Problem description: When you reach the line in the data below that contains "NBY18 мини портативный", please start repeating lines exactly, and stop after the line that contains "Batavia'daki Waterlooplein'deki General", repeating nothing else.

━━━ Records shown ━━━

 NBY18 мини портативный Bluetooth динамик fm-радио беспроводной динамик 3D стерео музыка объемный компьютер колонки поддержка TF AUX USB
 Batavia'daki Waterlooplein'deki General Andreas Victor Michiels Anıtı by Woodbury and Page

━━━
━━━ Records shown ━━━

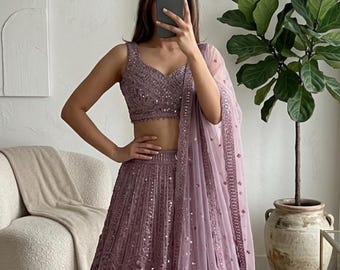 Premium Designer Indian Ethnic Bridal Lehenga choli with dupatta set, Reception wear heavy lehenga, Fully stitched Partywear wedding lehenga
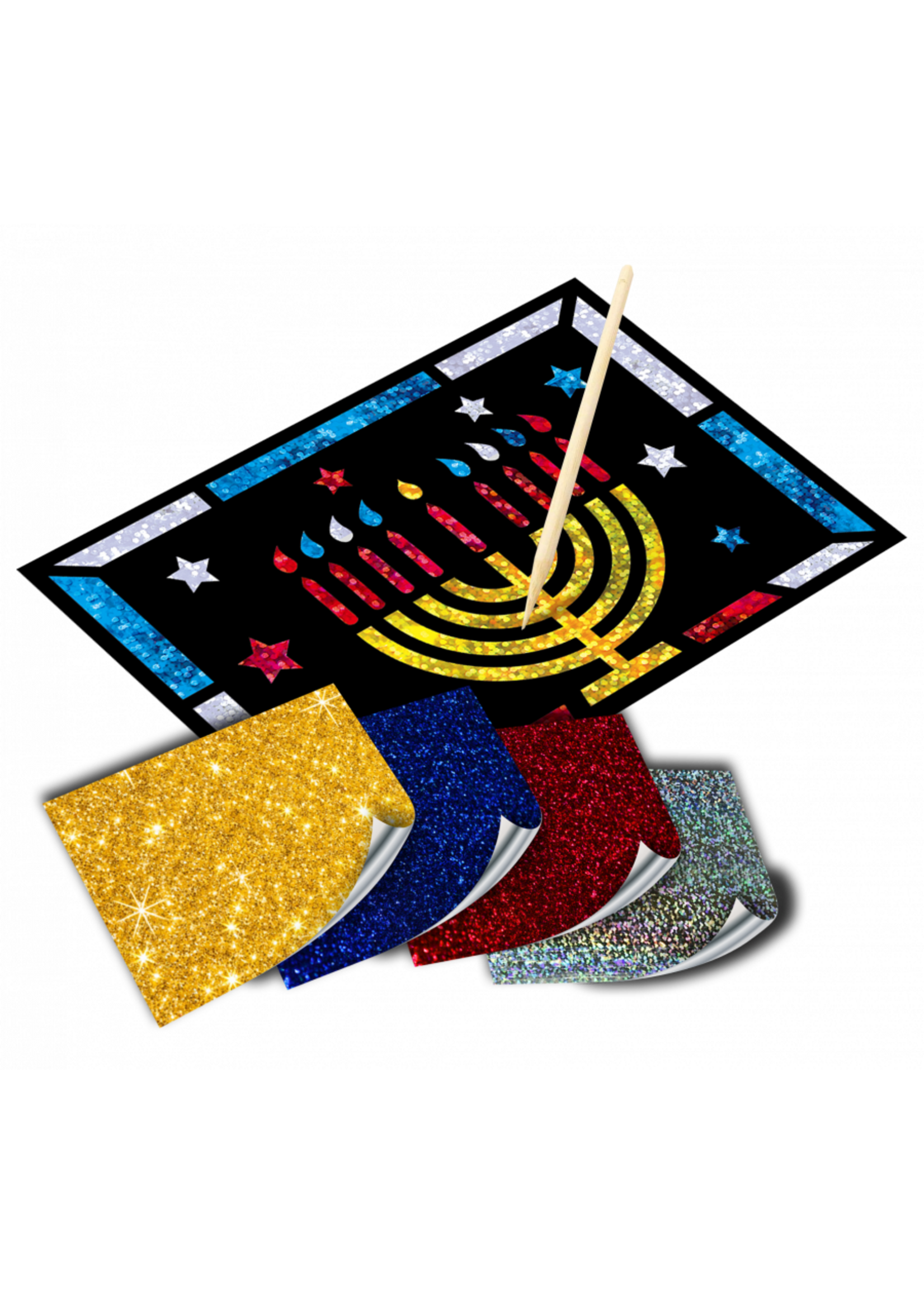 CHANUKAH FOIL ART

━━━
━━━ Records shown ━━━

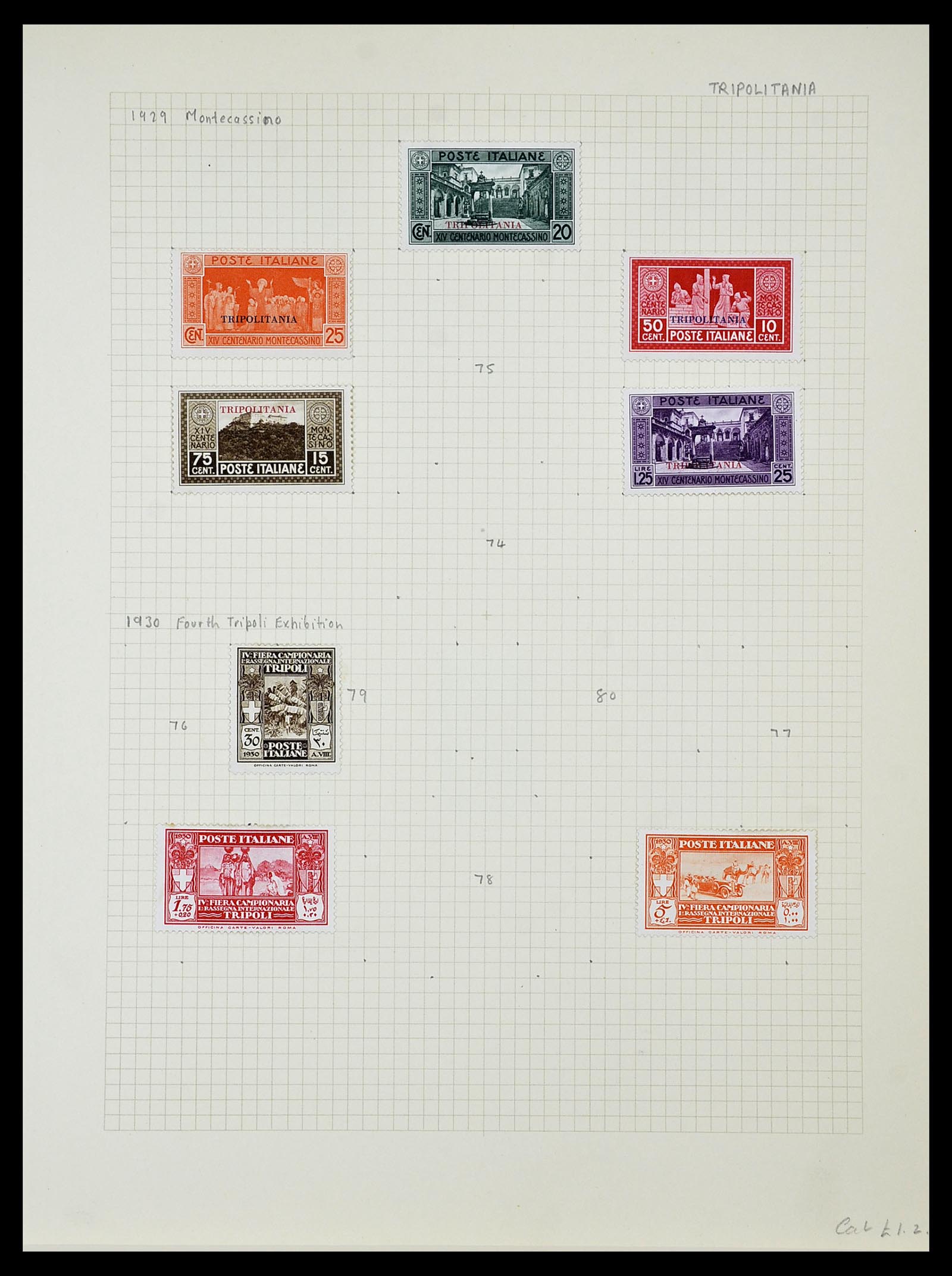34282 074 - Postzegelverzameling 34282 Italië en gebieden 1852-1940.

━━━

Solution below:
 NBY18 мини портативный Bluetooth динамик fm-радио беспроводной динамик 3D стерео музыка объемный компьютер колонки поддержка TF AUX USB
 Batavia'daki Waterlooplein'deki General Andreas Victor Michiels Anıtı by Woodbury and Page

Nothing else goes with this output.